2.3. Identification of crops combinations
This study identified the area-specific crop combinations depending on agronomic and environmental conditions of the study areas. A crop combination of the main crop sown in the area under normal rainfall conditions and its alternative crop that may be sown under the four specific scenarios were identified for areas needing seed banks. In all the areas where additional seeds were required, data on the soil type, agro-ecological conditions, major crops/varieties grown in the area, and possible alternative crops/varieties suitable for that area were collated from the agricultural statistics of each location. The identification of alternative crops or short duration varieties of the main crops under each scenario was done based on (a) expert judgment considering the climatic and environmental factors and (b) the recommended list of crops in the District Crop Contingency Plans published by the governments.

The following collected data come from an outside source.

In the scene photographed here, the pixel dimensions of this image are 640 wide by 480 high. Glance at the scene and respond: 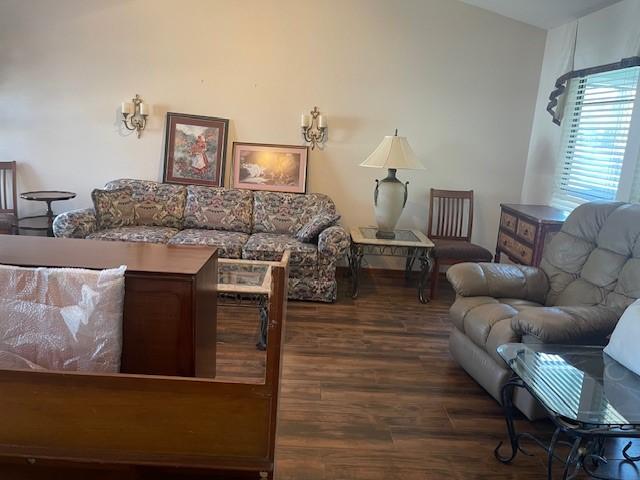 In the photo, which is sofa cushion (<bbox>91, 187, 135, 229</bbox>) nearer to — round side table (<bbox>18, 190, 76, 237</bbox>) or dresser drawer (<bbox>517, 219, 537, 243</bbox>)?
round side table (<bbox>18, 190, 76, 237</bbox>)

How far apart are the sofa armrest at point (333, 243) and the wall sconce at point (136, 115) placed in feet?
7.14

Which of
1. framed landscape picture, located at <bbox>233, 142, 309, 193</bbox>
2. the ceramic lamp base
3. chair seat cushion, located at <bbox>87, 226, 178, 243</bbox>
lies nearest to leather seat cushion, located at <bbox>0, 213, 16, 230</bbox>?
chair seat cushion, located at <bbox>87, 226, 178, 243</bbox>

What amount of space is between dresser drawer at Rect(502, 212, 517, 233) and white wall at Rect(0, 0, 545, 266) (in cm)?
61

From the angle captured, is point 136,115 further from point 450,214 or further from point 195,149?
point 450,214

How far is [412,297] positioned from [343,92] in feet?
6.81

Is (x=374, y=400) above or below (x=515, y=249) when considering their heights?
below

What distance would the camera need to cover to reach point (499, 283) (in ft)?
10.1

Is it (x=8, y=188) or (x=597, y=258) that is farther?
(x=8, y=188)

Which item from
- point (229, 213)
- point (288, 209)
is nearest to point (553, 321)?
point (288, 209)

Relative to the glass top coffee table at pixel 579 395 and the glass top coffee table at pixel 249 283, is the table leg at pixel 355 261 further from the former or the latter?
the glass top coffee table at pixel 579 395

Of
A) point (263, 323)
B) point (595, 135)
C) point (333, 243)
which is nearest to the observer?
point (263, 323)

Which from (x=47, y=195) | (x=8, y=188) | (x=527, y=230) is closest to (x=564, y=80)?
(x=527, y=230)

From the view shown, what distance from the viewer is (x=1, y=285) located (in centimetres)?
137

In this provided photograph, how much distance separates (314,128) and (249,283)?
2186mm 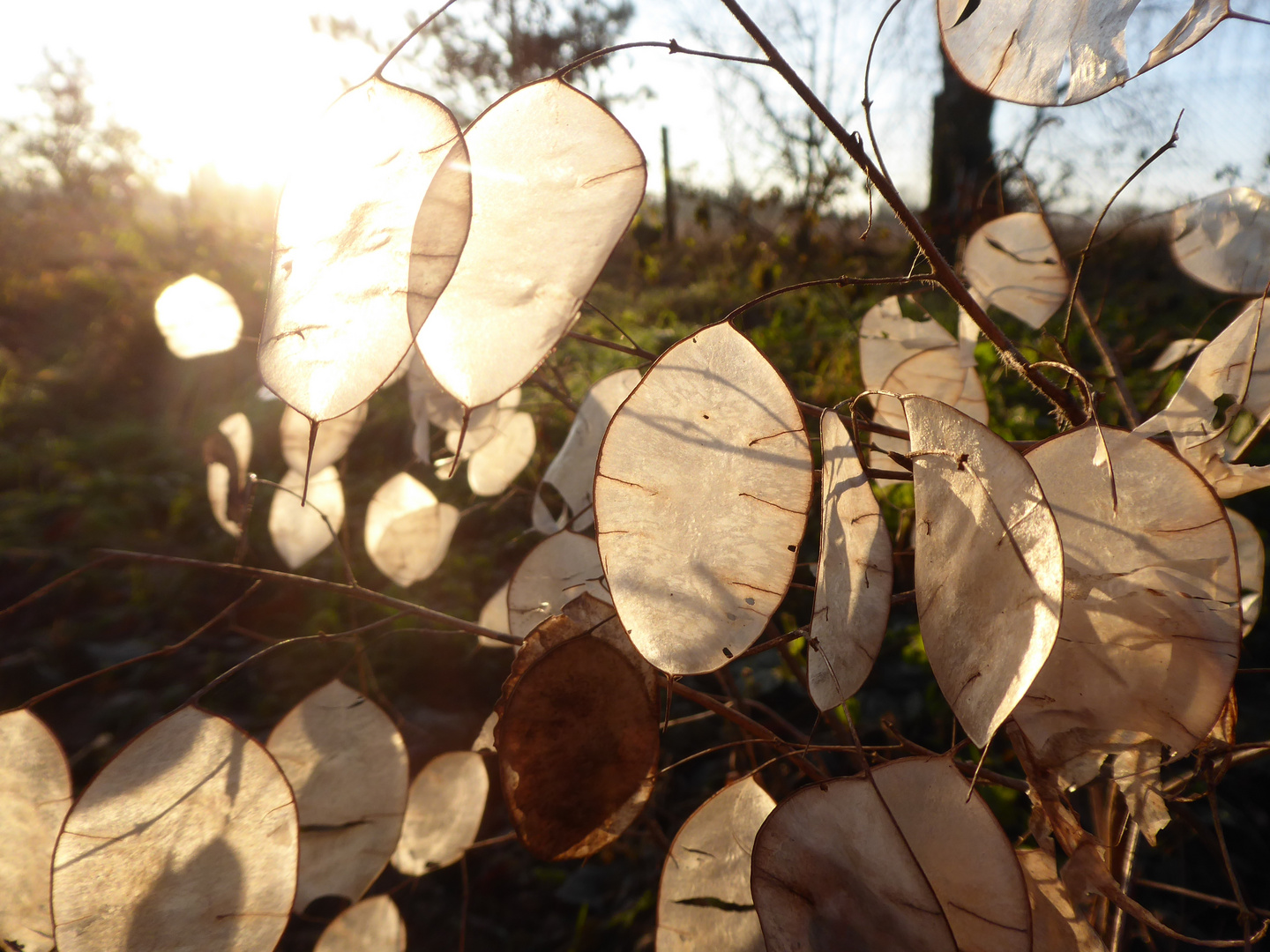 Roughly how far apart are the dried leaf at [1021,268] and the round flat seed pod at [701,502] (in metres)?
0.31

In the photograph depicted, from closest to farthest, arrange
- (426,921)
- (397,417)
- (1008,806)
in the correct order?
(1008,806)
(426,921)
(397,417)

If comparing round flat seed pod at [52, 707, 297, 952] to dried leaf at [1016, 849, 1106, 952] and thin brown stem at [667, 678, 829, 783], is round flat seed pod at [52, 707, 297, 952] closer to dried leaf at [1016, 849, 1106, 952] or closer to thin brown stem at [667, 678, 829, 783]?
thin brown stem at [667, 678, 829, 783]

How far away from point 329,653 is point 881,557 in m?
1.53

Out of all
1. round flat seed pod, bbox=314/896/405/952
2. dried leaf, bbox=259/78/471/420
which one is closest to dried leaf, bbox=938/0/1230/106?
dried leaf, bbox=259/78/471/420

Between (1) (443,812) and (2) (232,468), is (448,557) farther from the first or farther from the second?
(1) (443,812)

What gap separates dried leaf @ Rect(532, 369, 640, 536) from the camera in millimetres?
478

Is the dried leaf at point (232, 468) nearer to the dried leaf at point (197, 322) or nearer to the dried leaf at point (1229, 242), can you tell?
the dried leaf at point (197, 322)

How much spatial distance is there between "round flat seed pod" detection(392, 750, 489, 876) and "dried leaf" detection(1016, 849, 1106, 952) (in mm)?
343

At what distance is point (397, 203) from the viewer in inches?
9.9

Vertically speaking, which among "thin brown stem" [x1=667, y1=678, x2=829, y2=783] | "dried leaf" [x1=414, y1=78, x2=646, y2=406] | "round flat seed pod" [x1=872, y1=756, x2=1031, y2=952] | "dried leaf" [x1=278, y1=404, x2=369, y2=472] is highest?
"dried leaf" [x1=414, y1=78, x2=646, y2=406]

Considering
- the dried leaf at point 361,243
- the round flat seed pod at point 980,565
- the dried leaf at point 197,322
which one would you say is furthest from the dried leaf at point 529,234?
the dried leaf at point 197,322

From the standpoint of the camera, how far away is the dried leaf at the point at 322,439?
1.70 feet

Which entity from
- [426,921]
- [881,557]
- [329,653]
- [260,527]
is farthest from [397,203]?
[260,527]

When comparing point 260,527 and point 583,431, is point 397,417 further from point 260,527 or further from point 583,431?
point 583,431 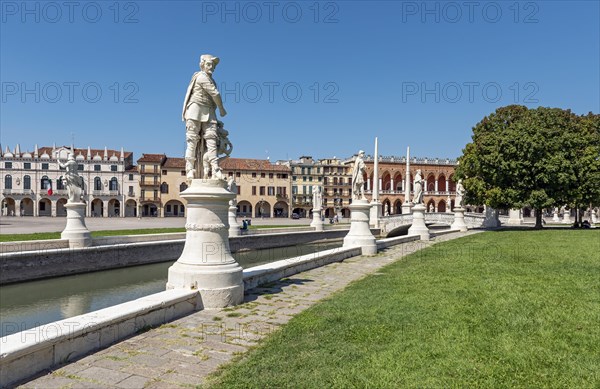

2.4. Economic analysis of seed bank
The cost of managing a seed bank was estimated only for areas that require additional seeds in India. For the additional seed requirement areas, net crop sown areas were estimated based on agricultural statistics of India. The seed rate, germination percentage of seed with time, the cost of seed for each crop, and operational cost for storing seeds in seed banks were collected from SeedNet portal of the Ministry of Agriculture and published research reports and papers. For this study, the seed rate and seed cost per unit quantity were considered to be uniform across the country and the rate of seed pilferage per year was taken as 5 percent of the seeds stored. The seed rate was compensated for 90 percent germination to arrive at the crop-wise seed requirement for each location. For alternative crops, the total area under each crop was multiplied with the seed rate, accounted for 120 percent enhanced application rate due to late sowing and then compensated for 90 percent germination. The total cost of additional seeds for re-sowing/planning in a particular location was estimated by multiplying the total amount of individual crop’s seed with the corresponding price. This study estimates costs of storing additional seeds in current price (study year 2014) using a 5% discount rate.
The net returns from crop cultivation in normal and drought years for the study locations were estimated by using crop yields and costs data available on the website of Department of Agriculture, India. The government’s data on the cost of cultivation for major crops across the country provides detailed input and output information. The long term net returns from crop cultivation (5, 10, and 15 years) were estimated by using a 5% discount rate.
3. Results and discussion
3.1. Drought after sowing of the main crop
This section presents the results based on the assessment of each scenario which are discussed in
Table 1. Scenarios one to three represent the prevalence of short (three weeks), medium (five weeks), and severe drought (seven weeks) conditions after sowing of the main crops.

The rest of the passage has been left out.